Richard Leroy
It was yet another pleasantly warm afternoon when I jumped into my car ready to head over to meet Richard Leroy. Five minutes later I arrived in Rablay-sur-Layon, and I was soon heading up the Grande Rue, which snakes out of the top of the village, the buildings gradually giving way to vines. I had anticipated finding Richard in one of the houses up among the vines, and I was confident I would soon be nursing a glass of the latest vintage of Noëls de Montbenault. Twenty minutes later, however, that confidence had evaporated somewhat. I eventually located number 52, but it was not nestled among a sweeping vineyard of tightly-pruned Chenin Blanc vines, as I had expected. Instead, I was standing outside a little house much closer to the centre of the village, with not a vine in sight. And what was of greater concern was that, despite ringing the doorbell at the agreed time of 5pm, there was no answer.

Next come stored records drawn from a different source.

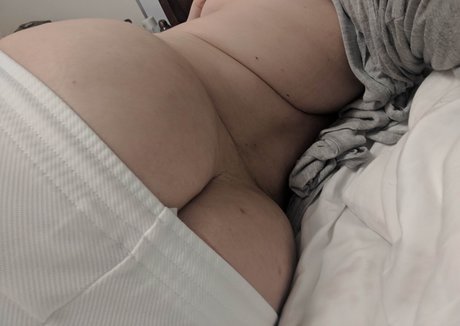 Anja Dee onlyfans sextape leak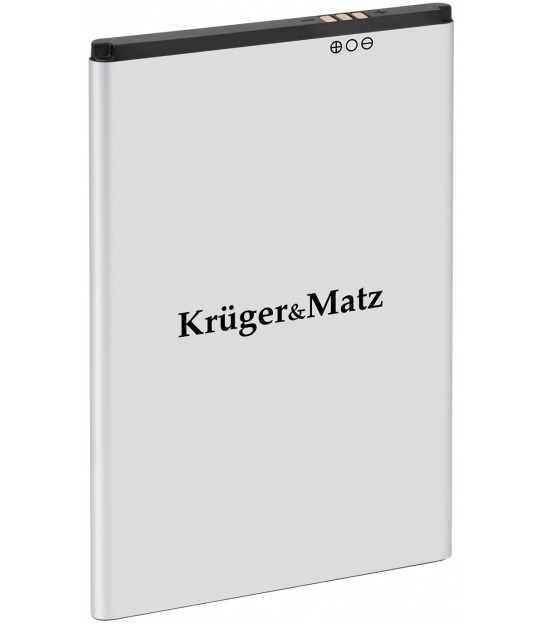 Oryginalna bateria do Kruger&Matz Move 9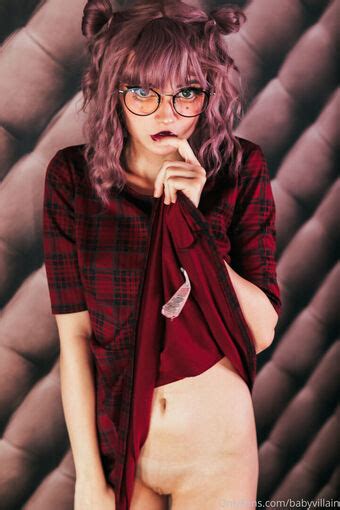 Ave Ria Averia Ws Nude Leaks OnlyFans Leaked Models The Fappening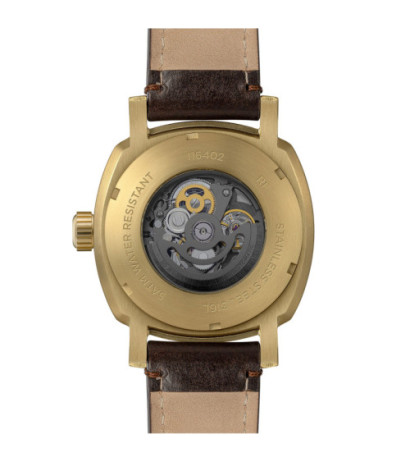 Ingersoll I16402 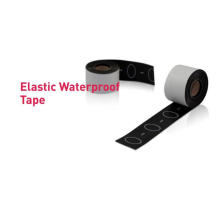 SINOFUJI Elastic Waterproof Tape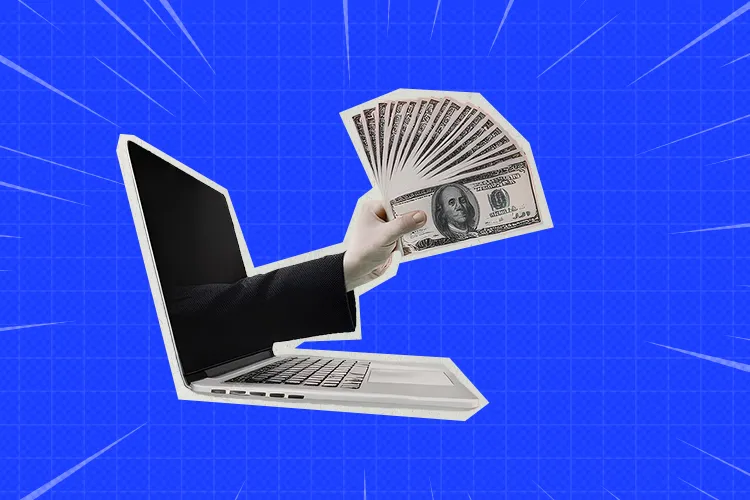 هزینه‌های جانبی طراحی سایت که نباید نادیده گرفت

Rather than loitering outside the property I wandered up the street a few hundred metres, stopping to admire the little chapel that sits there at a fork in the road. At the front was an effigy of Christ on the cross, cast in metal, perhaps two or three metres high. His feet were enveloped by the coiled substance of a large and malevolent snake; this was a rather macabre interpretation of the crucifixion. As I pondered what went through the mind of the artist as he moulded his vision, other than perhaps a large volume of absinthe, a small blue combi-van – the vehicle of choice for all small-scale French vignerons – whizzed past, at the wheel a large clean-shaven man, with one female passenger.
The vehicle came to a sudden halt in the distance, just outside number 52, where I had been a few minutes before; the man emerged and bounded towards the row of houses, although I couldn’t make out exactly which house he had entered. Could it have been Richard? Possibly, but didn’t he have a beard? He did when I had met him in Angers, a few months earlier. But beards can come and go, of course. I decided to hot-foot it back to the house, but I was too late. A few seconds later the figure reappeared momentarily, before he slipped into the van and accelerated away. I walked back down the road to the house anyway, and rang the doorbell once more. There was still no answer.